What happens when the cycle turns?
The three-year bull run in private debt has yet to be tested by a significant downturn in the credit markets and some have expressed concerns about how private debt managers will react when, inevitably, defaults in European corporate debt increase (and there is some evidence that this is now beginning to happen). The first point to make is that, in many instances, private debt managers have tended to operate bilaterally or in very small syndicates (and often write very significant cheques when compared to, say, a maximum hold for a bank of €20-25 million) and have not sold on their positions. This inevitably means that they will be very active participants in any debt restructurings as any losses they sustain will have a material impact on their fund’s performance.

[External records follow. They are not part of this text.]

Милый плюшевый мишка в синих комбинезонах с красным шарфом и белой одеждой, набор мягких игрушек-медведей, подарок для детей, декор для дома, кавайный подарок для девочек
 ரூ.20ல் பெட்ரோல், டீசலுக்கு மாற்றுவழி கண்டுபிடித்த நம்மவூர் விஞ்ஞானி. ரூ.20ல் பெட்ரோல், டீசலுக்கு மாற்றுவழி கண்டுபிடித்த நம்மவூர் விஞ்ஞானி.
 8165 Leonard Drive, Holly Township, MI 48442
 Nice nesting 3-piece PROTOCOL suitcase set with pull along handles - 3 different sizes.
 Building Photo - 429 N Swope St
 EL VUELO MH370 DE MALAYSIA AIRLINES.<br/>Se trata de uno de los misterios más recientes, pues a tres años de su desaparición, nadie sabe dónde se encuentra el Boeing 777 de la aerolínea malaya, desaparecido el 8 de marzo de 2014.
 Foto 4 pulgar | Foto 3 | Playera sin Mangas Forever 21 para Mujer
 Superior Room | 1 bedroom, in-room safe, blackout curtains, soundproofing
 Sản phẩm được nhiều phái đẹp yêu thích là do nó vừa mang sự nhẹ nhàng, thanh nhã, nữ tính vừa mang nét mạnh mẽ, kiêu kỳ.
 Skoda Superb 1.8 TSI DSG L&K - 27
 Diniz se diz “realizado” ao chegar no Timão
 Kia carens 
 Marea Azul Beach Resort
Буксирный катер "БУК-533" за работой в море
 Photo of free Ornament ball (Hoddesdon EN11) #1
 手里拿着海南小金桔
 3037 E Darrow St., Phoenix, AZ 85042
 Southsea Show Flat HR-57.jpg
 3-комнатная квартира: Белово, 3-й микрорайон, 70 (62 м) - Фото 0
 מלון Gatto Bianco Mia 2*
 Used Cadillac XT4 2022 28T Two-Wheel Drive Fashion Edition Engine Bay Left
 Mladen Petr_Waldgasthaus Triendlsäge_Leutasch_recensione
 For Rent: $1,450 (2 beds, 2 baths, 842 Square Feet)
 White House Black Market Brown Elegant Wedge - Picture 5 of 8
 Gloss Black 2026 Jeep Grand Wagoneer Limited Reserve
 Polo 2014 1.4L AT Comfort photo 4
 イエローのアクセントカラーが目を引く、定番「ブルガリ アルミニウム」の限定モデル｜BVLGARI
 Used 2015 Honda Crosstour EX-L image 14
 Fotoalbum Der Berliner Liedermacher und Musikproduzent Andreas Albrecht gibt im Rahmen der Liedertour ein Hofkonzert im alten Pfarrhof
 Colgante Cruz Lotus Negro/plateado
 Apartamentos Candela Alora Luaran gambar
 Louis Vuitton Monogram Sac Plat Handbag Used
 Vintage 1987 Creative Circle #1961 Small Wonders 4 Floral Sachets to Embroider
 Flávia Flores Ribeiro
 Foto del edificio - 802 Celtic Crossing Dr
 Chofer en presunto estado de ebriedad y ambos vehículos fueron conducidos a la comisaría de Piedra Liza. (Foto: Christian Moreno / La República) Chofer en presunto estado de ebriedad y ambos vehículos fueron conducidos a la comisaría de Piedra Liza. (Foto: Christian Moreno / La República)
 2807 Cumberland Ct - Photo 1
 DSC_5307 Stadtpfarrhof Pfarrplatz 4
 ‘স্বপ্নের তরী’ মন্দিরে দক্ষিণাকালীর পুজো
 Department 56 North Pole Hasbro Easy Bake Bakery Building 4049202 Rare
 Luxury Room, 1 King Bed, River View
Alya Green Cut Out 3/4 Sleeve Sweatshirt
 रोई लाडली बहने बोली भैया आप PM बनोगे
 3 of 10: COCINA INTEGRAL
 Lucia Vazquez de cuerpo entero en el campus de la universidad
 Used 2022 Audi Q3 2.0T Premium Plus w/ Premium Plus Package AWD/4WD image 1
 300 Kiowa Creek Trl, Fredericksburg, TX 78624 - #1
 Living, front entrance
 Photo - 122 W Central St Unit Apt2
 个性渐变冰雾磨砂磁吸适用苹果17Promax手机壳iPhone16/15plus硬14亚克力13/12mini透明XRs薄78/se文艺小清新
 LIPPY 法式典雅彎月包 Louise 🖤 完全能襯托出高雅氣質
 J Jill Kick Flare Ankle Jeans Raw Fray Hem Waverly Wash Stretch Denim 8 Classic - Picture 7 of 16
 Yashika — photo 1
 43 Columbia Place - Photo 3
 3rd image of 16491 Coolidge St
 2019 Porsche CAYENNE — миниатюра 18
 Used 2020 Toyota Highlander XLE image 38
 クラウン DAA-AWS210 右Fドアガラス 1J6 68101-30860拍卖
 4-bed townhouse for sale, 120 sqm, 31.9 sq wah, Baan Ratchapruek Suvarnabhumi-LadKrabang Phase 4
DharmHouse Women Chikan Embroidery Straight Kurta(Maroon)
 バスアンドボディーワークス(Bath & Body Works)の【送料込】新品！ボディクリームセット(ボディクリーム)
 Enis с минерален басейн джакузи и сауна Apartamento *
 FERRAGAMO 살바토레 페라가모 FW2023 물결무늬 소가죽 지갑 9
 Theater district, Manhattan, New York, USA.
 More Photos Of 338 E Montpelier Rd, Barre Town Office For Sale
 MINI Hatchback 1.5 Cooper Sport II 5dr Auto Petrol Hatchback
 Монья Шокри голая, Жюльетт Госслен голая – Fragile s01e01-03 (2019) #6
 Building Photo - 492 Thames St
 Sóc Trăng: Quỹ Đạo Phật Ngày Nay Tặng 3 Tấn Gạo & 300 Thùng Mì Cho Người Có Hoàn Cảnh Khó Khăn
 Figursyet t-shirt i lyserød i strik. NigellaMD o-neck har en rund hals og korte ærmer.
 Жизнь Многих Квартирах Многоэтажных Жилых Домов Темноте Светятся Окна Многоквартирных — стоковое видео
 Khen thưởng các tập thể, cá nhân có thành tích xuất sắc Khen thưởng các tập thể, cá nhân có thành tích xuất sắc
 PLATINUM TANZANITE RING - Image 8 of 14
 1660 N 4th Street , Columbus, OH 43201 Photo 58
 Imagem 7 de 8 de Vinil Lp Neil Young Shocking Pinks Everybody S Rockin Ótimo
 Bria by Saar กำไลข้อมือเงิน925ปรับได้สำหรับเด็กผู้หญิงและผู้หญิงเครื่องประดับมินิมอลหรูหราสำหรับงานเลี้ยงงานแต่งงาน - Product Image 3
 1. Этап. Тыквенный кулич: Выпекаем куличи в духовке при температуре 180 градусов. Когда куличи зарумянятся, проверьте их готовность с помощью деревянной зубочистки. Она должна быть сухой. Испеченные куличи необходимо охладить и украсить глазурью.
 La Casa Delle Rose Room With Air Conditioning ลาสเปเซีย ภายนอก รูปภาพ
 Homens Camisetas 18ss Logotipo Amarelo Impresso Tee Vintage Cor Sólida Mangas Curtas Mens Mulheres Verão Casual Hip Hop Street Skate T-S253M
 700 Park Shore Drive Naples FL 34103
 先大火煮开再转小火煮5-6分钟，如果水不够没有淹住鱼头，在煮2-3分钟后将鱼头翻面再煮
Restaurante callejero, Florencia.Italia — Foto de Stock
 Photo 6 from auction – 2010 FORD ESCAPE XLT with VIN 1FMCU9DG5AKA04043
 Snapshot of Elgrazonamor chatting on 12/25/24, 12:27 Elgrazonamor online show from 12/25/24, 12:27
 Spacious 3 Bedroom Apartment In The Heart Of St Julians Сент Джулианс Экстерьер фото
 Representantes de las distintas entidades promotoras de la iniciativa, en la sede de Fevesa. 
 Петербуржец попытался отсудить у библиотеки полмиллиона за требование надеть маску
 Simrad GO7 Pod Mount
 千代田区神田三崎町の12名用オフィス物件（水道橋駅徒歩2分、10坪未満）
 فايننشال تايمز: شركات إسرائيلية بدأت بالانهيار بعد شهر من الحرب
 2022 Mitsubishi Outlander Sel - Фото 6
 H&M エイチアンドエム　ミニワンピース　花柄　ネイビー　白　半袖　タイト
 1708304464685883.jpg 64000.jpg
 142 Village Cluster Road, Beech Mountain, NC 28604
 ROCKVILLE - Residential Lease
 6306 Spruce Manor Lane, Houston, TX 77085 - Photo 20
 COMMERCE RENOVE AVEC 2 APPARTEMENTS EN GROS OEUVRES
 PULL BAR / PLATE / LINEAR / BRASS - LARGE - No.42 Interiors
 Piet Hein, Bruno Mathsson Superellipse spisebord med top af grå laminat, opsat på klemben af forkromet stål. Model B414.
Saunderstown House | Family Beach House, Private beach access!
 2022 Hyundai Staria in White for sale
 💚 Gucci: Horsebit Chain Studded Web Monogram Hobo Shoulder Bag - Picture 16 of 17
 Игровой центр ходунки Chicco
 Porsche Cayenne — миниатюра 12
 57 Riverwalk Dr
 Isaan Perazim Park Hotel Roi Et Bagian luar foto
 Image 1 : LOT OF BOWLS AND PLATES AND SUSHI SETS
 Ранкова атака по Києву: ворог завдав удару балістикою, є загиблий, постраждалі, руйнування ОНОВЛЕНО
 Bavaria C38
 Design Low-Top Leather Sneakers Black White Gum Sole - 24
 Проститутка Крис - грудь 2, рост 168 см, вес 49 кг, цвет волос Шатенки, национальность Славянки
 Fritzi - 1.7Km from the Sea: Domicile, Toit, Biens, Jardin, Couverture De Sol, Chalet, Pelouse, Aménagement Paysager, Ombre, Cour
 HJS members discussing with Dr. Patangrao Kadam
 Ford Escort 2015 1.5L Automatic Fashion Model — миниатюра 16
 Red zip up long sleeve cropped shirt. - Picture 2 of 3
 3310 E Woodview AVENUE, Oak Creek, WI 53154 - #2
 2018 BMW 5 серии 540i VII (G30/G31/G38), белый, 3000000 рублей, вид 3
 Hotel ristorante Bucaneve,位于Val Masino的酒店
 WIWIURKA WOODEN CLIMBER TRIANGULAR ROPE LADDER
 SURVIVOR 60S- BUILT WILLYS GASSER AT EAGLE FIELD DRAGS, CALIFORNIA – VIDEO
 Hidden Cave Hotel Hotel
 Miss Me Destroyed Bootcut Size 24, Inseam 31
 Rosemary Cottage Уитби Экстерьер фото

Whilst it is a truism that each turn in the cycle begets predictions of ever more complex restructurings, it is inevitable that some of the intercreditor structuring on which private debt deals have been predicated in the last two to three years will make it harder and more complicated to restructure debt. This is particularly the case in unitranche transactions which have been structured using an agreement between lenders to which borrowers are not party. Based on recent court judgments in England, these structures could also provide an unpleasant surprise for ‘last out’ creditors in those structures who may find that, because the agreement between lenders is structured without a contractual nexus to the borrower, their subordinated position won’t necessarily guarantee them their own separate class should a scheme of arrangement be used to cram down dissenting junior creditors.